Seroquel (Quetiapine) And Self Harm Update 

Something has been missing this week. I only just realised that I haven’t self-harmed for a week. I don’t feel proud of myself at all because I haven’t been tempted to cut. I have had external triggers and panic attacks but not to the extent that I need to do it. I have been back on 50mg of Seroquel since last Friday. I was Aripiprazole before- it was an awful two-week experience. My moods have been a lot more stable. My sleep is back to normal(ish)- it is so nice to sleep! I had chronic insomnia with Aripiprazole which just made my mood swings even worse. Now that I am sleeping I am a lot better. However, Seroquel gives me really heavy dirty sleep. I wake up out of it and very grumpy. It took me an hour to get out of bed today- I swore I was going to start a depression cycle but I forced myself to get up. My paranoia was crazy starting back on it! To the point, I was thinking I was being stalked and sitting by the windows for hours at night! Therapy has helped to calm my paranoia thoughts down. My auditory hallucinations have also gone.

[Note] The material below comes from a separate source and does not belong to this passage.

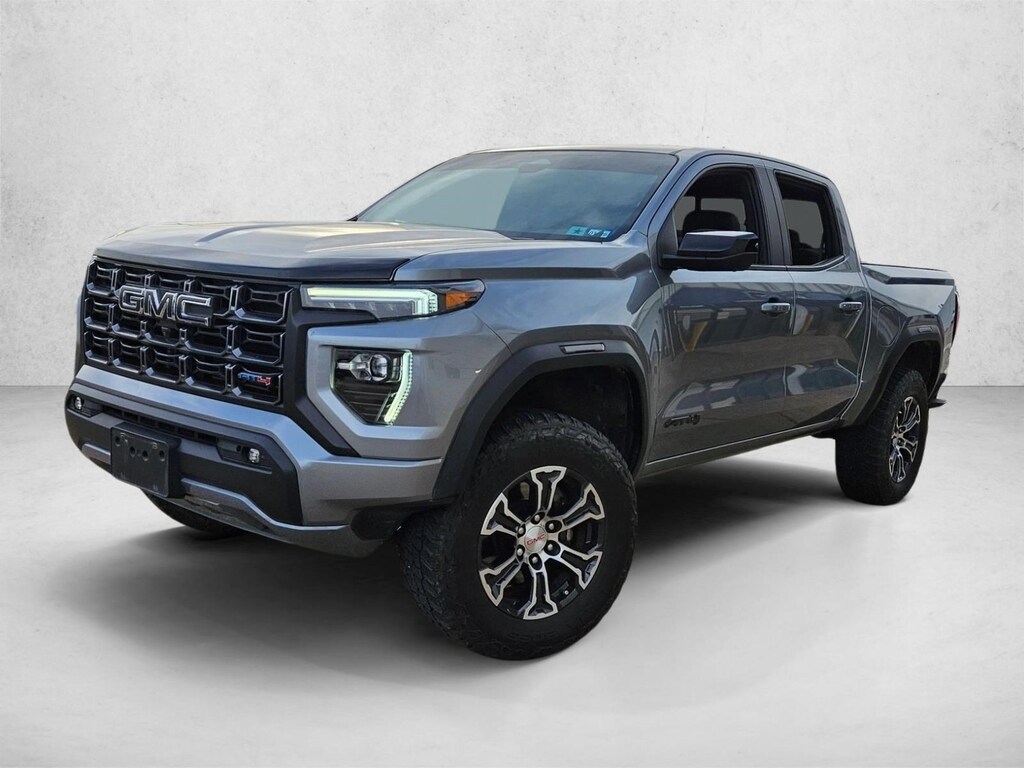 Used 2023 GMC Canyon 4WD AT4 Truck Crew Cab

Thank goodness. Overall I am feeling more calmer but kind of zombie-like. My vision is blurred I constantly struggle to walk without my partner holding my hand. Do you ever feel like you are going to pass out any moment when you are on head meds? I hate that feeling so much! Overall feeling a lot more myself and better. ❤️ I hope I can stay on this dosage for a while but it will probably have to be increased due to intolerance which I always have. I have also managed to keep the stone I lost coming off it off. All the best, Amy Belle

9 thoughts on “Seroquel (Quetiapine) And Self Harm Update 

  1. I don’t know much about these medications that you speak of, but I applaude you for being so brave and sharing your experiences, which allows people like me to gain some insight into such a deeply personal journey. Thank you so much.